Regexp word boundary

Question

Regexp word boundary.

According the Regular_Expressions guide, \b matches a word boundary, such as a space, a newline character, punctuation character or end of string.

I am trying to change the following string from.

"
    abc
"

to

"abc"

I did try the following, but it does not work. Any ideas?

"  abc  ".replace(/\b/,""); 

Answer 1

That description of word boundaries is badly written (which happens a lot, unfortunately). You'll find a much better reference here.

A word boundary is a zero-width assertion: it doesn't consume any characters, it merely asserts that a condition is true. In this case, it asserts that the current position is either followed by a word character and not preceded by one, or preceded by a word character and not followed by one.

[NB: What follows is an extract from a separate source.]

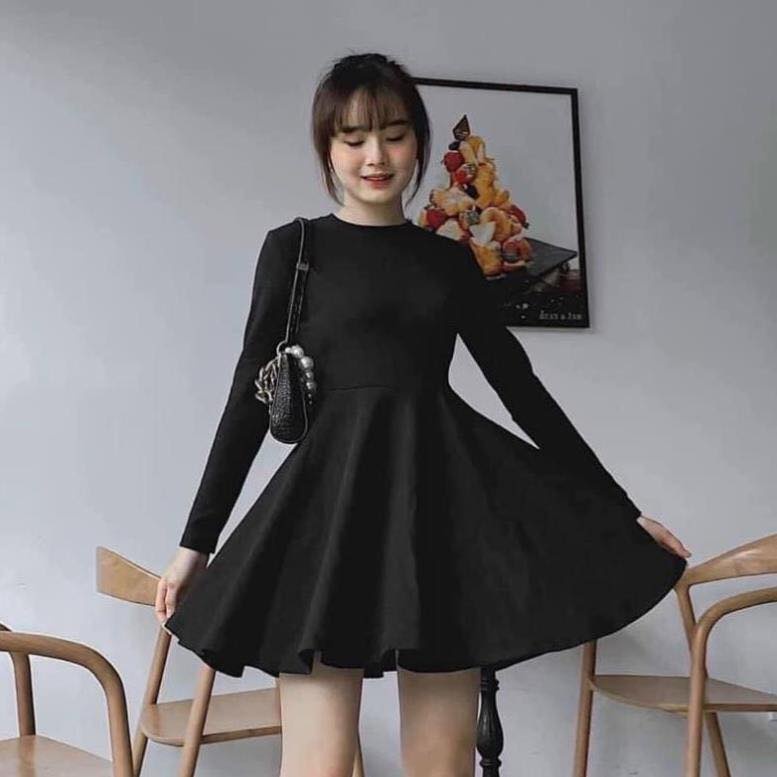 Váy đen trơn dáng xòe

If you want to match anything that's not a word character, use \W (note the capital W). But you really only need to match whitespace, which is \s:

"  abc  ".replace(/\s+/, ""); 

If you're trying to do a traditional trim operation, you need to use anchors to make sure you only match whitespace at the very beginning or end of the string:

"  abc  ".replace(/^\s+|\s+$/, ""); 

Answer 2

\b maches only boundary without spaces, selecting place between space and first/last letter.

use this:

//fulltrim replaces all new lines with space and reduces doubled spaces
String.prototype.fulltrim=function(){return this.replace(/(?:(?:^|\n)\s+|\s+(?:$|\n))/g,'').replace(/\s+/g,' ');}

//just trim spaces from begging and ending of string
String.prototype.trim=function(){return this.replace(/^\s\s*/, '').replace(/\s\s*$/, '');};

usage

"    ssss   ".fulltrim();
"    
   ssss 
".fulltrim();

Some browsers have implemented trim method.

Answer 3

\b itself does not match character, it matches position. Just like ^ and $.

"\n\t   \n  hello world \t  \n\n".replace(/^\s*/, "").replace(/\s*$/, "");
// return "hello world"